Prototype P-36LF - Sizing Calculation and Performance Estimations

Purpose

Purpose: The purpose of this calc is to develop preliminary sizing and performance calculations for a single seat, single engine homebuilt aircraft. The P-36LF LiteFighter prototype is an approximately 55% replica of a Curtiss P-36 Hawk. These preliminary estimations are for the prototype only. Further development and refinement of the design will be incorporated into a kit version - performance calculations will be revised.

Methodology

The initial sizing of the P-36LF is performed using a comprehensive, proprietary Microsoft Excel spreadsheet ('Aircraft Design Workbook') which is heavily based on the methods described in Conceptual Aircraft Design by D. Raymer and Design of Light Aircraft by R. D. Hiscocks. Unlike a traditional aircraft design process where the aircraft's mission requirements would dictate the layout, the P-36LF layout was initially scaled from the original, with the geometry largely defined by (1) maintaining a scale appearance and (2) accommodating a reasonably sized pilot. As the design fidelity increased, the input geometry was iteratively updated to maintain acceptable performance.

The 'Aircraft Sizing Validation Workbook' consists of the following worksheets which were used to iteratively evaluated the designed, and later the as-built, aircraft parameters:

Product Specification – This worksheet is where high-level design goals (payload, speed, range) are input for use in the subsequent worksheets. Certain 'fixed' inputs, such as pilot, payload, and number of engines are used throughout the workbook whereas 'flexible' inputs such as wing loading and range are only estimates used for initial sizing. Note the flexible values are carried from the preliminary sizing and may not reflect the as-built condition.

Summary Sheet – This worksheet contains summarized dimensional and performance estimations for the as-built design.

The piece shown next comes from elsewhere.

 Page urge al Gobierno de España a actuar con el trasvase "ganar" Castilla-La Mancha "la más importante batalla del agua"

Powerplant – This worksheet contains engine and propeller data that is used throughout the workbook. Data for alternate engine options is also contained in this sheet but is not used in the workbook.

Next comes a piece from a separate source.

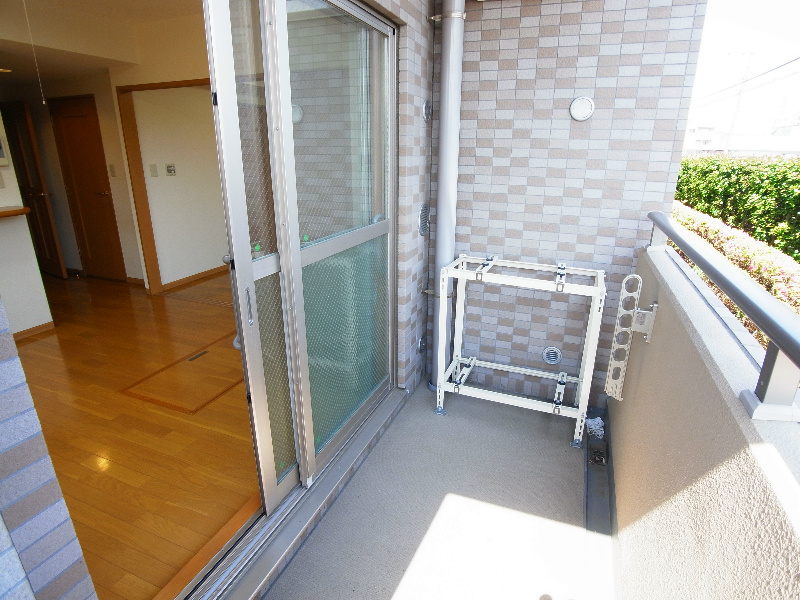 ヌーベルバーグ常盤平　 ベランダ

Fuselage & Cabin – This worksheet provides basic dimensions for the fuselage for use in aerodynamic calculations for drag and stability.

Main Wing, Horizontal Stabilizer, and Vertical Stabilizer Layouts – These worksheets are used to input the geometry of each flying surface and control surface, which is then used to calculate several geometric coefficients for use throughout the workbook.

Weight and Balance – This worksheet calculates the load envelope based on the measured empty weight and CG from the as-built prototype.

Surface Data Calculated – This worksheet contains aerodynamic coefficient data for use throughout the workbook. Data input comes primarily from XLFR5 simulations.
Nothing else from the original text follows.